A second public meeting on the proposed Hyla High School before the Bainbridge Island Planning Commission took place last week.
It was needed because a mailer announcing it didn’t go to everyone it needed to.
The plan is for a private school with up to 160 students on Ericksen Avenue. It would be housed in four existing buildings.
Architect Charles Wenzlau addressed concerns made at the first meeting.
He said for night events they would use a new auditorium at the existing middle school. The on-school pick-up-drop-off area will be done in reverse direction to lessen exhaust on nearby homes. Regarding noise, teachers and students will be inside buildings rather than the outside mechanical noise that can be heard from current tenants.
Planning Commissioner Bill Chester welcomed the changes, especially putting green space rather than parking behind the buildings. He said those showed “community-mindedness.”
Commissioner Ashley Mathews called the high school a good thing for downtown. She said it would be great to have youth as part of the community. She especially approved of redevelopment rather than new construction.
New Commissioner Ariel Birtley agreed that it would “add liveliness to downtown.”
Sarah Blossom, commission chair, said it would be great to have a private high school as an alternative to the public ones in town. She liked the idea of having students dropped off at a nearby public parking area and have them walk the short way to school.
But she still was concerned about lack of parking for students who drive, even though the school will encourage students not to drive there. She wondered what the city’s recourse would be if too many students drive.

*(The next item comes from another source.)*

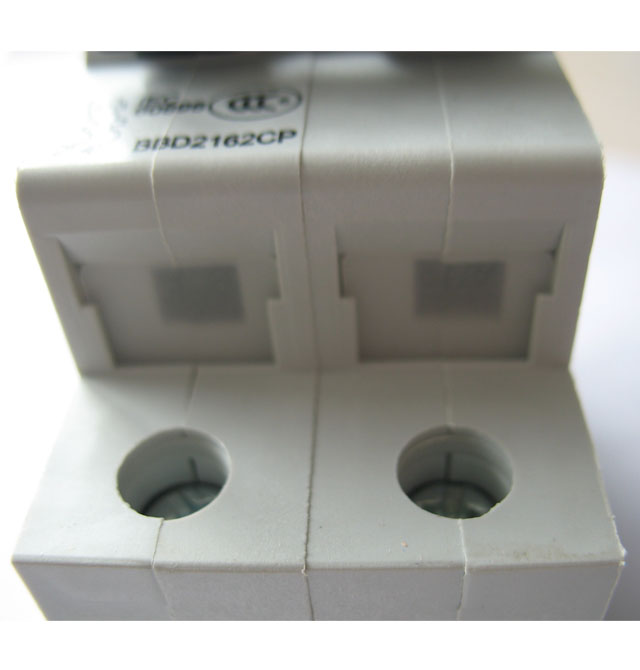 ����·��\�՚��_�P BD-63 C16 415V 2P 16A �՚��_�P���ܚ���·����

Commissioner Lisa Macchio said she hears the community about its parking and traffic concerns. She said developments often are tied up by the city’s poor parking policy, and she wants to know “how do we do things better?”
Wenzlau said developers are trying to be proactive to be good neighbors. They will try to find a good solution and collaborate with city staff to work it out.
Public comments were few. One said the changes in response to the first meeting were appreciated. Another said a buffer is still needed.
Jane Greenberg was still concerned about the cost to nearby property owners. Cars and exhaust were still a concern along with noise from students and teachers. And she wondered how it would affect property values. She encouraged the commission to follow its “wonderful” guiding principles and not change the atmosphere of “our Winslow town.”